Absent group members are just one facet of group life. Most Bible study groups have regular attenders, guests, prospects, and the absentee member. How soon should you reach out to someone who goes AWOL? Or perhaps the question is, “Does contacting an absentee group member cause them to think, ‘Why is the church bugging me?'” Perhaps we should leave them alone. After all, they know where we are and they’ve got two legs – they can come back any time they want to.
There was a time in my younger days when I dropped out of church. If it were not for the herculean efforts of one young man in the church who regularly contacted me and encouraged me to get back into the groove, I might not be in church today. My life could have taken a very different path. So yes, I’m a big fan of reaching out to absentees. My life and ministry owe a debt of gratitude to a persistent young man who cared more about me than he did his feelings of awkwardness every time he contacted me to come back to the Lord and come back to the church. Here are three things we should remember about absentee group members:
- They may have dropped out because they are hurting – and they just haven’t said anything. This happens all the time. A person’s feelings get hurt, or they have a tragedy in their life and just don’t feel like they can open up to the group about it, so they leave. Leaving is one way they deal with the pain, whatever the source. It’s not true in every absentee’s case, but sometimes the absence is a symptom of a deeper issue they are facing.

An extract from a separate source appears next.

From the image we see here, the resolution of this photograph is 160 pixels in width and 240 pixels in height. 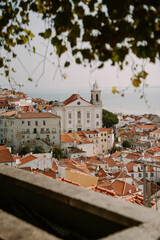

- They aren’t going to just jump back into group life. As much as we’d like them to come back, many absentee group members feel very awkward about their absence. They think that everyone would stare at them if they came back. They imagine that people are whispering about them. The fear of being embarrassed in front of their group becomes overpowering. When these feelings settle in, the active group members must continually encourage the absentee member to come back – the person simply isn’t going to do that on their own.
- The longer you and your group wait to contact the absentee, the more awkward it is for everyone involved. Try calling someone who has been absent from your group four or five times in a row – talk about your awkward phone calls! You might imagine the absentee saying something to you like, “What took you so long to call me? I’ve been missing for 4 weeks now!” Or worse yet, you imagine they’d say something like, “Buzz off!” The first time a person goes AWOL, it’s time to reach out to them and find out what happened. It may be nothing. It might be sickness. It could be work-related travel. Or it could be that they are on vacation. But you’ll never know unless you call or contact them.